Story by 1st Lt. Jessica Donnelly
MCCRADY TRAINING CENTER, S.C. – Each year the Palmetto Military Academy (PMA) conducts a Hall of Fame (HoF) induction ceremony recognizing PMA graduates who have distinguished themselves in their military and civilian careers. This year’s ceremony, held Aug. 13 at the McCrady Training Center in Eastover, South Carolina, honored two inductees, to include U.S. Army Capt. John Thorne, Jr.
“There can be no greater honor for a man or woman than to be recognized by their peers for their accomplishments,” said U.S. Army Lt. Col. Kenneth Snow, PMA Association president. “Induction into the PMA Hall of Fame is just that.”

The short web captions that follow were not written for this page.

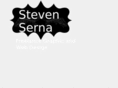 stevenserna.com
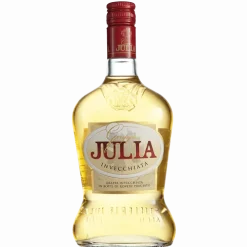 Grappa Julia Invecchiata 70 cl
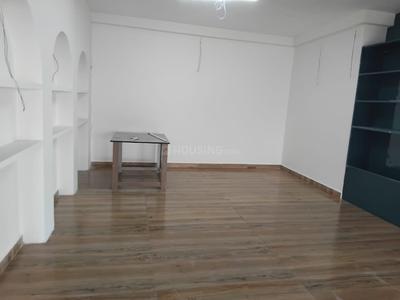 Others image of 2000.0 Sq.ft  Ready to use Office Space for rent in Armane Nagar for 150000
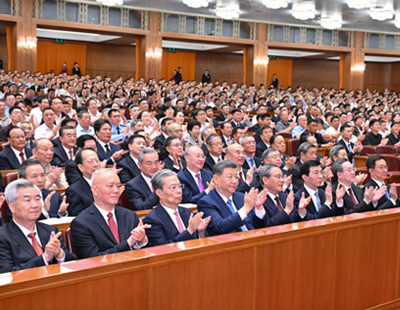 短剧三件套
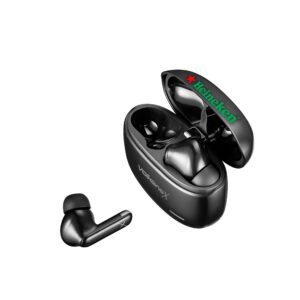 volkanox-vxt200s-hybrid-anc-tws-earphones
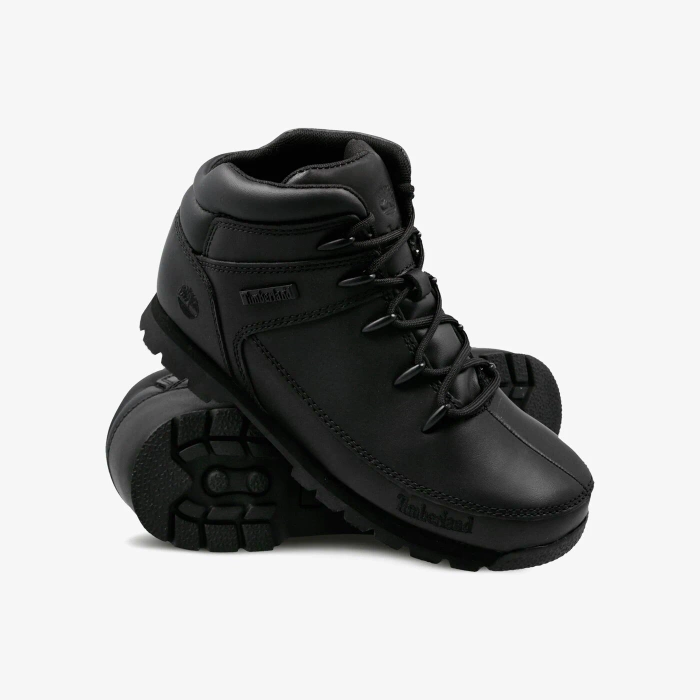TIMBERLAND Euro Sprint Buty Outdoorowe damskie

Snow explained, the HoF started in 1984 to acknowledge the PMA graduates who have met at least one of the following criteria: recipient of the Medal of Honor; be federally recognized as a colonel and hold that rank for at least one year; loss of life under hostile conditions while displaying exceptional valor; loss of life while rescuing, or attempting to rescue, another human being; or recipient of the Purple Heart or while displaying exemplary leadership and bravery while under hostile conditions during combat operations while in contact with and enemy force under direct fire.
Due to this criteria, there have only been seven inductees since 1984 below the rank of colonel including himself, and four of which were posthumous, explained Thorne.

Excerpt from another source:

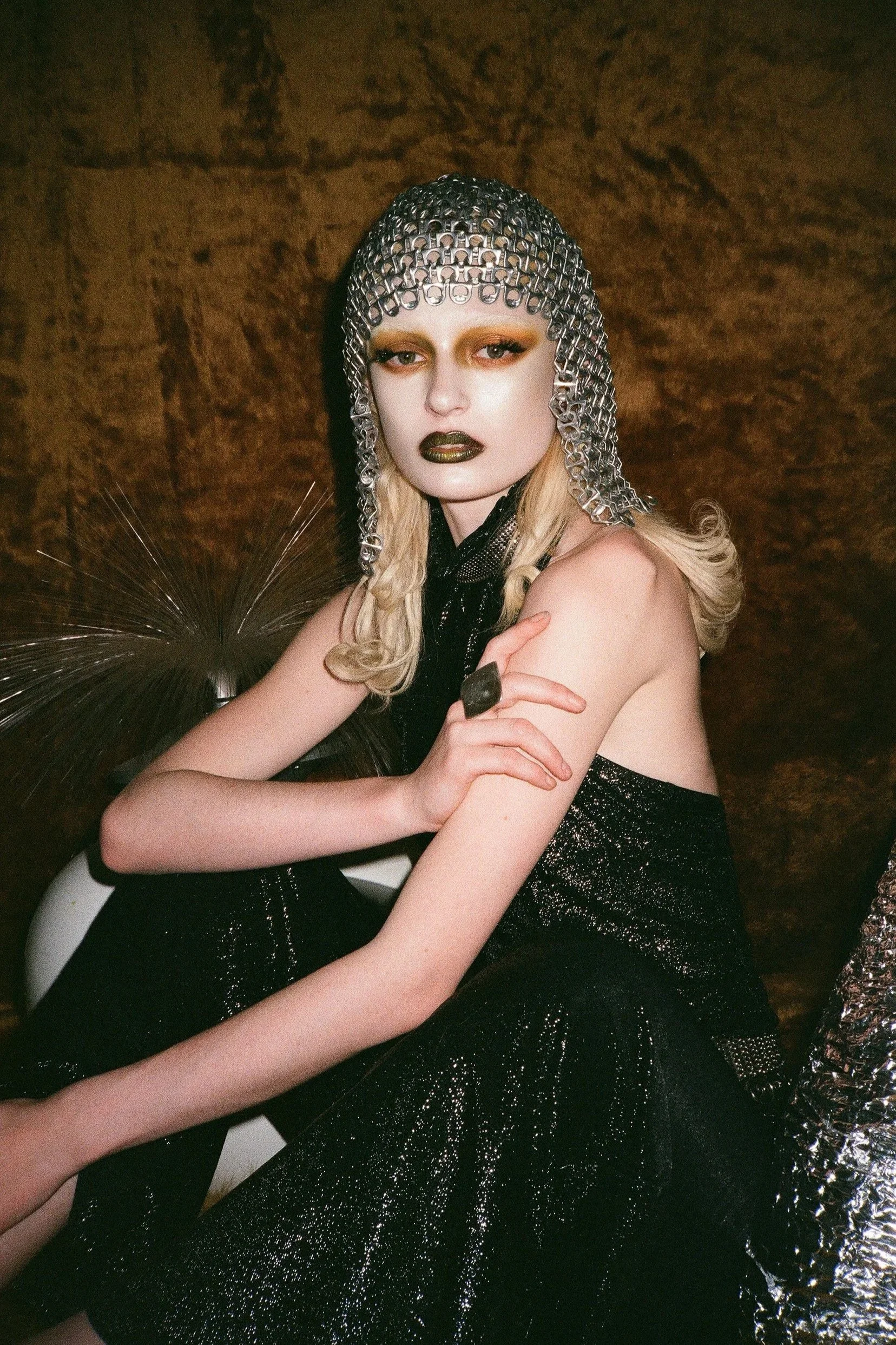 Editorial-26.jpg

Thorne was inducted for being awarded a Purple Heart Medal on two separate occasions, one award and one oak leaf cluster, while deployed with the South Carolina National Guard. Thorne has served nearly 18 years with the South Carolina National Guard, deploying four times to Bosnia, Cuba, Iraq and Afghanistan. During two of those deployments, seven years apart nearly to the day, events took place that warranted Thorne being awarded a Purple Heart.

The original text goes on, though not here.